I seem to spend my life in Russell Norman’s restaurants, and my life in December was no exception (apart from when I was somewhere else). Mishkin’s is much the best of the recent crop – the salt beef sandwich (fat on, of course) was jaw dropping, by which I don’t mean merely chewy. And Maureen Lipman was eating in the corner.


At Koffmann’s a few days later, there was no Maureen Lipman. There wasn’t anyone from a British Telecom ad at all. Not a good start. The food was fine for the lunch menu price of £25.50, but unremarkable, which in itself should be remarkable given the pedigree of the chef-patron, but actually returns full-circle to unremarkability when you consider that Koffmann’s seems more like a money-making exercise than an expression of culinary genius. The restaurant has an unfortunate atmosphere too; a place for hedge funders and Harrodians to go and be boring.

Then Bacchus in Hoxton served nice steak and excellent Einstok beer. And I’ll refer you to my tweet about Sushi Say in Willesden: ‘Sushi Say for 1st time. OMFG. Jellyfish, monkfish livers, salmon roe sushi amazing. Also, Japan Olympic badminton team have already booked.’ It’s as true today as it was then. The Japanese Olympic badminton team have booked out the whole restaurant for the duration of the Olympics. So, the next time you’re running a restaurant-themed pub quiz, you can ask: ‘Which restaurant did the Japanese Olympic badminton team book out for the duration of the 2012 London Olympics?’ And you’ll know the answer. It will be Sushi Say.

And other restaurant meals, I’ve had a few, but then again, too many to remember. But I did go to Leon De Bruxelles on Cambridge Circus two weeks ago, and did not enjoy it very much at all. If you are going to make serving mussels the entire selling point of your restaurant, you should be serving mussels that are nice. Just a thought.
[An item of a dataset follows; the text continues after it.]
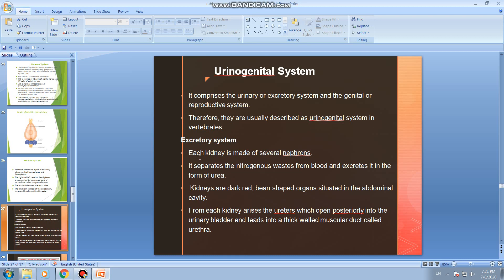The excretory system consists of a pair of kidneys. Each kidney is made up of several nephrons, which are the functional units of the excretory system. The kidneys separate nitrogenous waste from the blood and excrete it in the form of urea. Kidneys are dark red, bean-shaped organs situated in the abdominal cavity.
I seem to have digressed from my explanation of the interruption to blogging service. It’s partly to do with Hong Kong, and the impossibility of doing justice to the food in that city, but there's more to it than that, and it’s to do with time. Specifically, not having enough of it – trying to write on trains, trying to write before leaving for work in the morning, trying to write while dinner is in the oven, trying to write on planes. Mostly failing.